[syslog-ng] TCP packet collapse errors

Fri May 31 10:34:39 CEST 2013

The fifo seems to be fine if you are having no drops right now. With flush lines 0 you should get a constant stream right now. But I don't have a clue why the tcp stats are so horrible. I would debug it like this

1. I always have my logs per second open to see if something odd is going on while a problem happens. It lead me to a lot of error in the past. This is my script (stats_level(2); needed):
#!/bin/bash

while true
do
        for i in $(syslog-ng-ctl stats | grep src.host | grep proc | cut -d ";" -f6)
        do
          let tc1+=$i
        done
        let lps=tc1-tc2
        test -z $tc2 || echo $lps
        tc2=$tc1
        tc1=0
        sleep 1
done

2. Check the dmesg and try to revert the tcp tweaks you've made before
3. Are you using bonding? try switching it off or check the mode (round robin is really bad)
4. Set syslog-ng to verbose and after that to the debug mode and check the logs
5. Compile a newer version of syslog :P

With older syslog versions I had really horrible problems with "log_msg_size". Maybe you shpuld increase it too just to be sure.
________________________________
Von: syslog-ng-bounces at lists.balabit.hu [syslog-ng-bounces at lists.balabit.hu]" im Auftrag von "Xuri Nagarin [secsubs at gmail.com]
Gesendet: Freitag, 31. Mai 2013 10:12
An: Syslog-ng users' and developers' mailing list
Betreff: Re: [syslog-ng] TCP packet collapse errors

Thanks for the quick response, Daniel.

I look at statistics for an hour before tweaking flush_lines to zero and setting log_fifo_size to 10000. In that period, syslog-ng reported processing 7,898,310,589 messages across all destinations and dropped 4,200,260.

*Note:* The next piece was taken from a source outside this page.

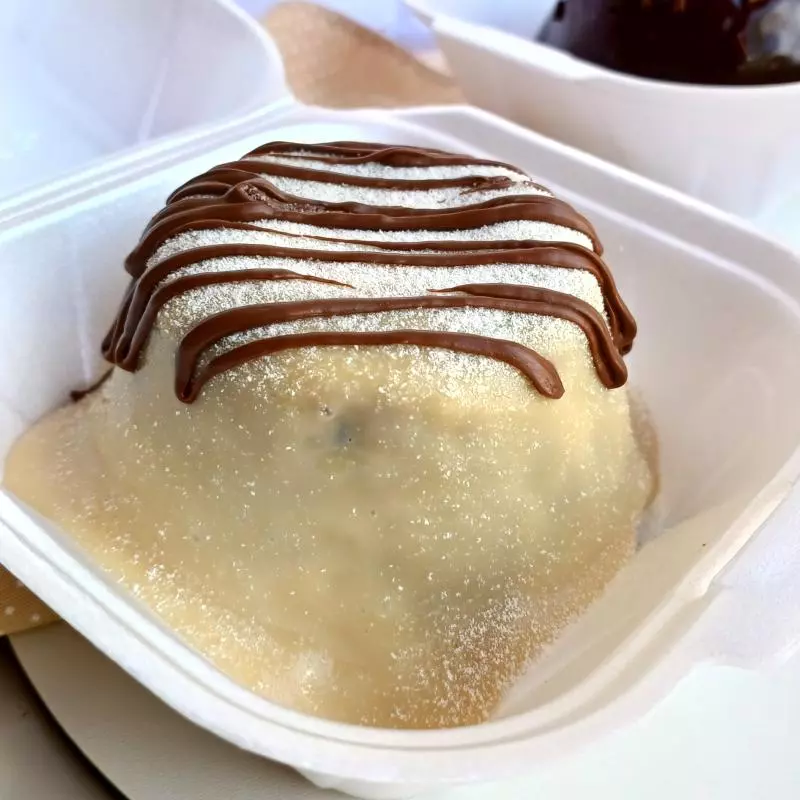 MINI VULCÃO DE CHOCOLATE COM NINHO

After making the change (flush_lines set to 0 and log_fifo_size to 10000), I looked at three sets (half hour) of stats (default, every 10 minutes). The dropped messages are now zero across all destinations.

But the collapsed TCP packets count keeps incrementing. I ran 'iostat -xm 5' and "watch -d 'netstat -s | grep collpased' " in two windows side-by-side. Each time that disk IO spikes up, the TCP collapsed counter starts incrementing. Disk IO remains almost zero for about half a minute and then spikes up to ~4-25 Mbytes/sec for half a minute.

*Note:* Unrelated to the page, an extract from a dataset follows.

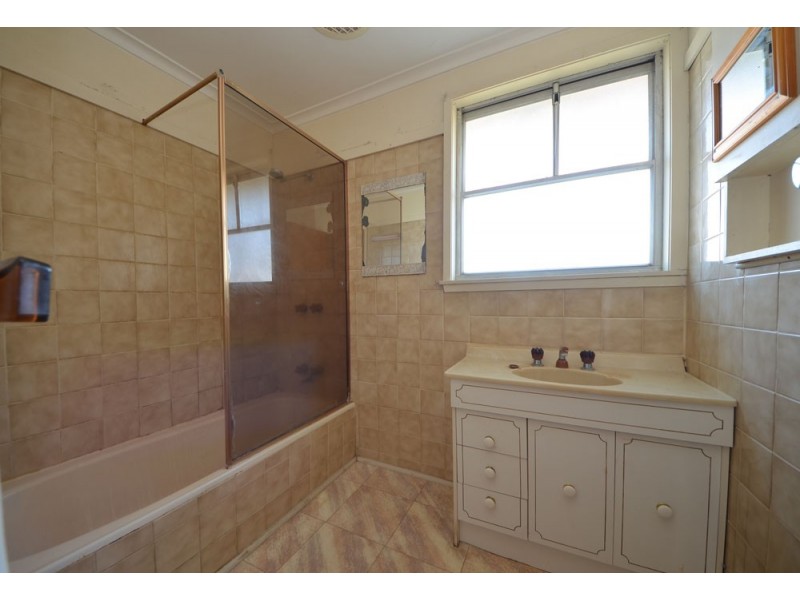 6 Banyan Crescent, Portland VIC 3305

Does this mean I need to bump up log_fifo_size even higher? I think ideally we want the disk to be consistently written to instead of bursts of write activity. Right?

On Thu, May 30, 2013 at 10:56 PM, Daniel Neubacher <daniel.neubacher at xing.com<mailto:daniel.neubacher at xing.com>> wrote:
I don't know how much logs you are getting but should tweak "log_fifo_size (1000);" to a higher number. Your flush_lines is really high too.. I tested around with flush lines but I ended setting it to 0 with 50k log per second. And they greatest of all tweaks would be a newer syslog version because of the threading.
________________________________
Von: syslog-ng-bounces at lists.balabit.hu<mailto:syslog-ng-bounces at lists.balabit.hu> [syslog-ng-bounces at lists.balabit.hu<mailto:syslog-ng-bounces at lists.balabit.hu>]" im Auftrag von "Xuri Nagarin [secsubs at gmail.com<mailto:secsubs at gmail.com>]
Gesendet: Freitag, 31. Mai 2013 07:46
An: Syslog-ng users' and developers' mailing list
Betreff: [syslog-ng] TCP packet collapse errors

I have a pair of Syslog-NG servers running 3.2.5-3. The hardware specs are - Quad Xeon E5-2680 (32 cores), 32GB RAM, and two 1TB SAS 7200 RPM disks in RAID-1.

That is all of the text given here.